# [DATA FOR THE TASK]
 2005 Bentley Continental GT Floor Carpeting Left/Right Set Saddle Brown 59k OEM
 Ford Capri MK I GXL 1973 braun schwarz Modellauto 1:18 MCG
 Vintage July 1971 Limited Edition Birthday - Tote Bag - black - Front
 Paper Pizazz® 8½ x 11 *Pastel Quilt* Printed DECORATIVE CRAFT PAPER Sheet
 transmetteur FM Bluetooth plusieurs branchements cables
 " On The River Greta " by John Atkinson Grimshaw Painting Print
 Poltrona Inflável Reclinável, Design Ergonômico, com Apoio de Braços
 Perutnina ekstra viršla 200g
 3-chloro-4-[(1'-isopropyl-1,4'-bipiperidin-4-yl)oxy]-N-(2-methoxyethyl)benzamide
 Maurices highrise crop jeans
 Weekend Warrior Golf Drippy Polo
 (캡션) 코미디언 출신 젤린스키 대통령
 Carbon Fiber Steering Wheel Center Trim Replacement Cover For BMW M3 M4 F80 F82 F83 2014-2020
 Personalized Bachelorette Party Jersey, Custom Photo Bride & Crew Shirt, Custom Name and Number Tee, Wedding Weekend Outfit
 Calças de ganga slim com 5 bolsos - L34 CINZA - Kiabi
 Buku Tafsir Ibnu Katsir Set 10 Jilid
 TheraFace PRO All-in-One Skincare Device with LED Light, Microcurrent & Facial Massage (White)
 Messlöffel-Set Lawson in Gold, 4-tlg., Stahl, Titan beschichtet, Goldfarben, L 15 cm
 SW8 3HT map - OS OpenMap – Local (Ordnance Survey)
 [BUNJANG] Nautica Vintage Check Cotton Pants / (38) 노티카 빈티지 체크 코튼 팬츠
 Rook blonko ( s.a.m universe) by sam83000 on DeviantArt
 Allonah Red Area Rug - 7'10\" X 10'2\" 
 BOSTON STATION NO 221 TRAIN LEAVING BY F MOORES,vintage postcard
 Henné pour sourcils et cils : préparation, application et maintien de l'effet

# [GOAL OF THE EXERCISE]
Each line of the material above must be retyped exactly as written.

# [FINISHED EXERCISE]
 2005 Bentley Continental GT Floor Carpeting Left/Right Set Saddle Brown 59k OEM
 Ford Capri MK I GXL 1973 braun schwarz Modellauto 1:18 MCG
 Vintage July 1971 Limited Edition Birthday - Tote Bag - black - Front
 Paper Pizazz® 8½ x 11 *Pastel Quilt* Printed DECORATIVE CRAFT PAPER Sheet
 transmetteur FM Bluetooth plusieurs branchements cables
 " On The River Greta " by John Atkinson Grimshaw Painting Print
 Poltrona Inflável Reclinável, Design Ergonômico, com Apoio de Braços
 Perutnina ekstra viršla 200g
 3-chloro-4-[(1'-isopropyl-1,4'-bipiperidin-4-yl)oxy]-N-(2-methoxyethyl)benzamide
 Maurices highrise crop jeans
 Weekend Warrior Golf Drippy Polo
 (캡션) 코미디언 출신 젤린스키 대통령
 Carbon Fiber Steering Wheel Center Trim Replacement Cover For BMW M3 M4 F80 F82 F83 2014-2020
 Personalized Bachelorette Party Jersey, Custom Photo Bride & Crew Shirt, Custom Name and Number Tee, Wedding Weekend Outfit
 Calças de ganga slim com 5 bolsos - L34 CINZA - Kiabi
 Buku Tafsir Ibnu Katsir Set 10 Jilid
 TheraFace PRO All-in-One Skincare Device with LED Light, Microcurrent & Facial Massage (White)
 Messlöffel-Set Lawson in Gold, 4-tlg., Stahl, Titan beschichtet, Goldfarben, L 15 cm
 SW8 3HT map - OS OpenMap – Local (Ordnance Survey)
 [BUNJANG] Nautica Vintage Check Cotton Pants / (38) 노티카 빈티지 체크 코튼 팬츠
 Rook blonko ( s.a.m universe) by sam83000 on DeviantArt
 Allonah Red Area Rug - 7'10\" X 10'2\" 
 BOSTON STATION NO 221 TRAIN LEAVING BY F MOORES,vintage postcard
 Henné pour sourcils et cils : préparation, application et maintien de l'effet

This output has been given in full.